For classification, predicting $\hat{y} = w^T x + b$ produces a real number, not a class. Logistic regression modifies linear regression to produce probabilities.

The sigmoid function maps any real number to (0, 1):

\sigma(z) = \frac{1}{1 + e^{-z}}

Logistic regression's prediction:

P(y = 1 \mid x) = \sigma(w^T x + b)

The probability of the positive class. The decision rule is "predict 1 if $P > 0.5$ " (which is equivalent to "predict 1 if $w^T x + b > 0$ ").

Logistic regression is fitted by maximum likelihood — find $w$ and $b$ that maximise the probability of the training labels under the model. Equivalently, minimise the cross-entropy loss:

\text{Loss} = -\sum_{i=1}^{n} [y_i \log \hat{p}_i + (1 - y_i) \log (1 - \hat{p}_i)]

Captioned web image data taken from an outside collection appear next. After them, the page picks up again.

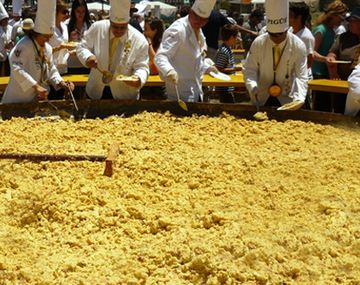 Realizarán un omelette gigante por el aniversario de Pigüé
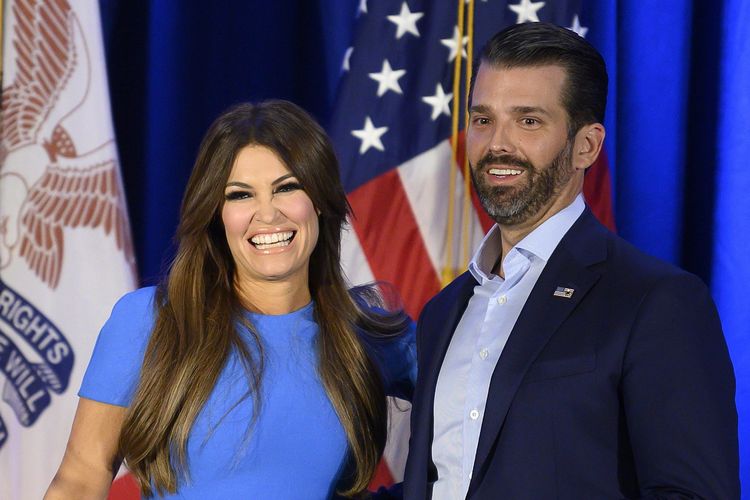 Donald Trump Jr (kanan) dan pacarnya, Kimberly Guilfoyle (kiri) tersenyum selama konferensi pers Keep Iowa Great di Des Moines, IA. Kimberly Guilfoyle dites positif corona pada 3 Juli 2020, seperti diberitakan media AS. 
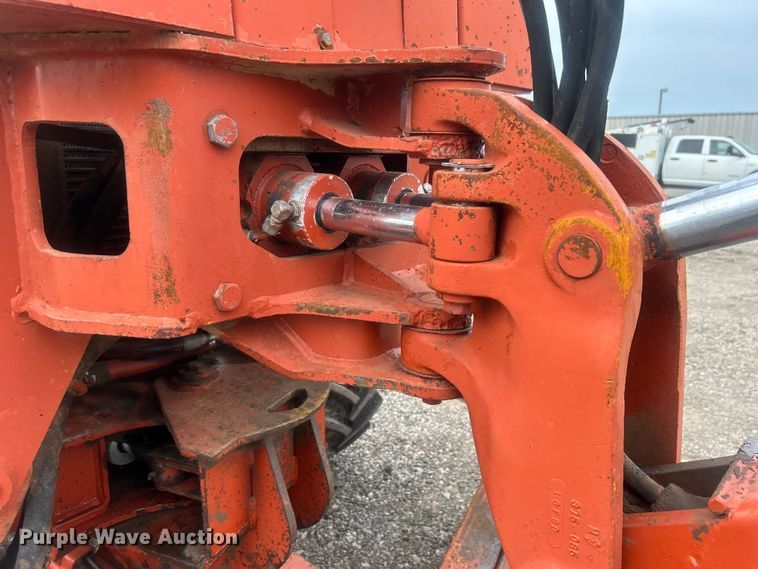 image for item EG0884 1998 Ditch Witch 7610 trencher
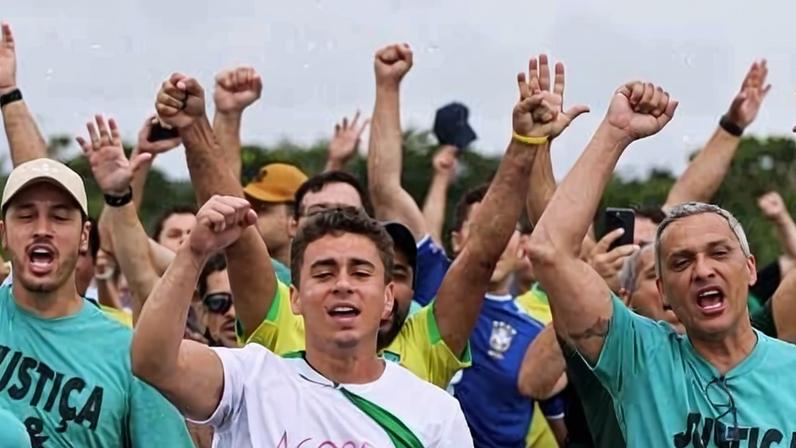 Caminhada de Nikolas se converteu em palanque para família Bolsonaro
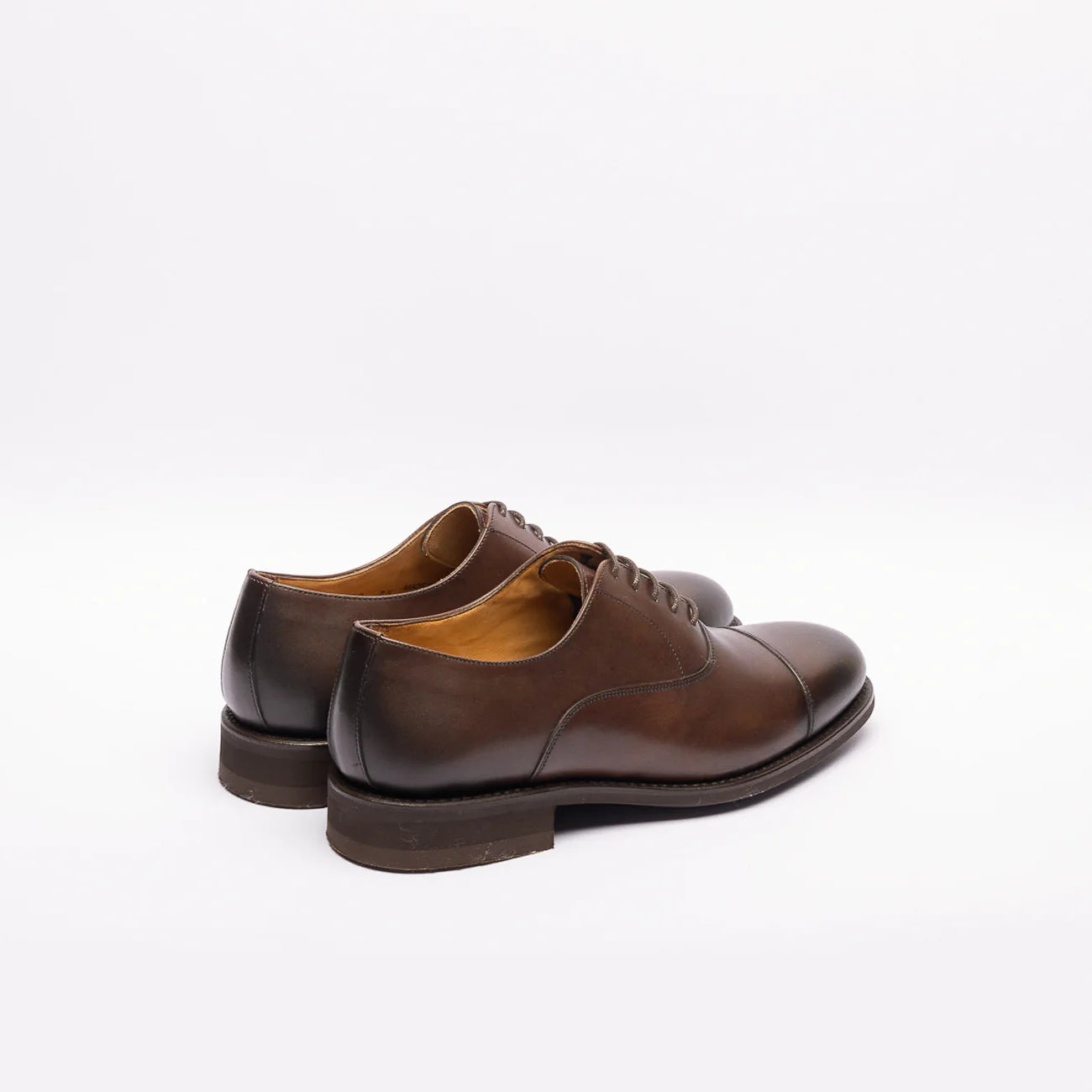 Stringata oxford Berwick 4490 in pelle marrone (Suola Vibram)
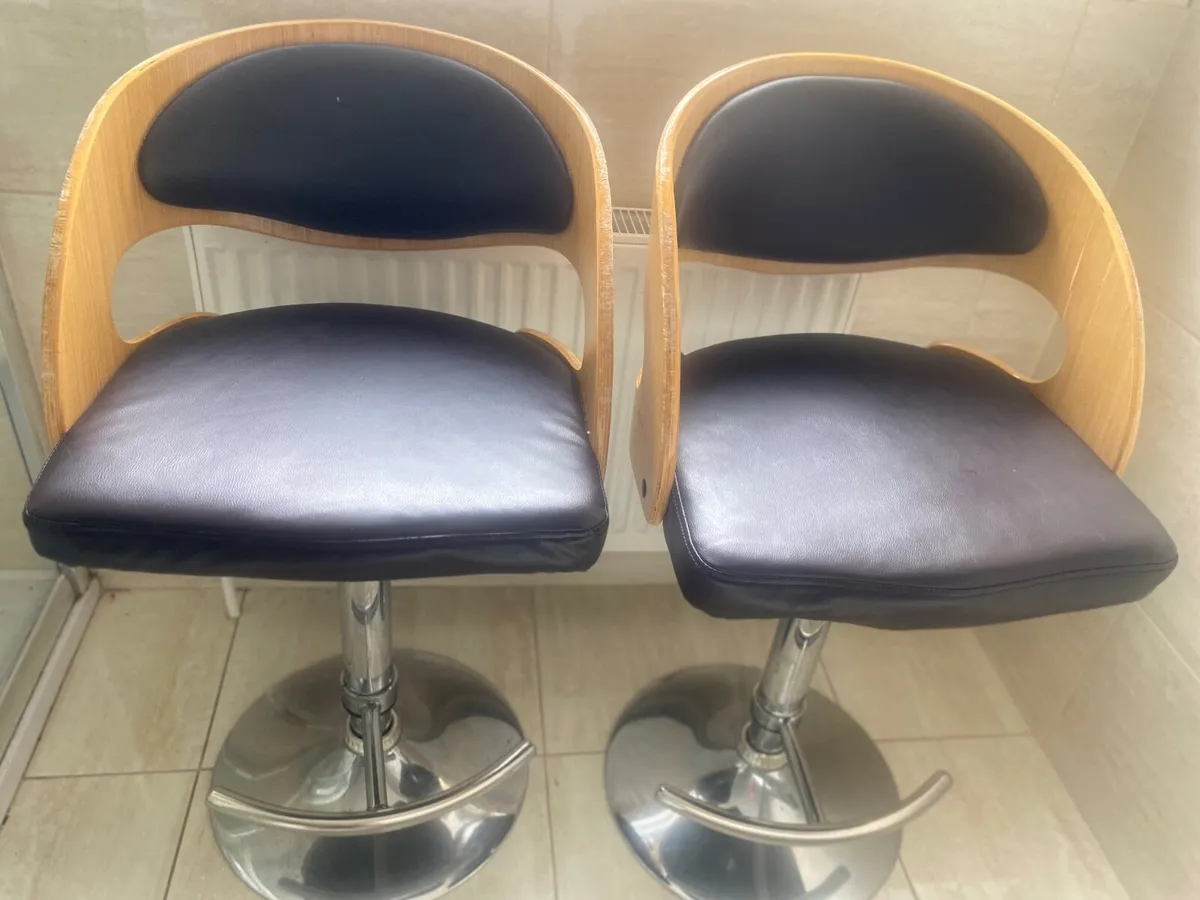 Bar stool for island €25 - Image 1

No closed-form solution exists; logistic regression is fit with gradient descent or its variants (Chapter 4 covers gradient descent in detail).

The perceptron

The perceptron is the simplest neural network — a single linear-threshold unit that computes a weighted sum of its inputs, applies a step function, and outputs a binary classification, trained by the perceptron learning rule that adjusts weights based on misclassifications.

Frank Rosenblatt introduced the perceptron in 1957. It is the historical ancestor of all modern neural networks.

The perceptron's prediction:

\hat{y} = \begin{cases} +1 & \text{if } w^T x + b > 0 \\ -1 & \text{otherwise} \end{cases}

The decision boundary is a hyperplane. The perceptron is a binary linear classifier.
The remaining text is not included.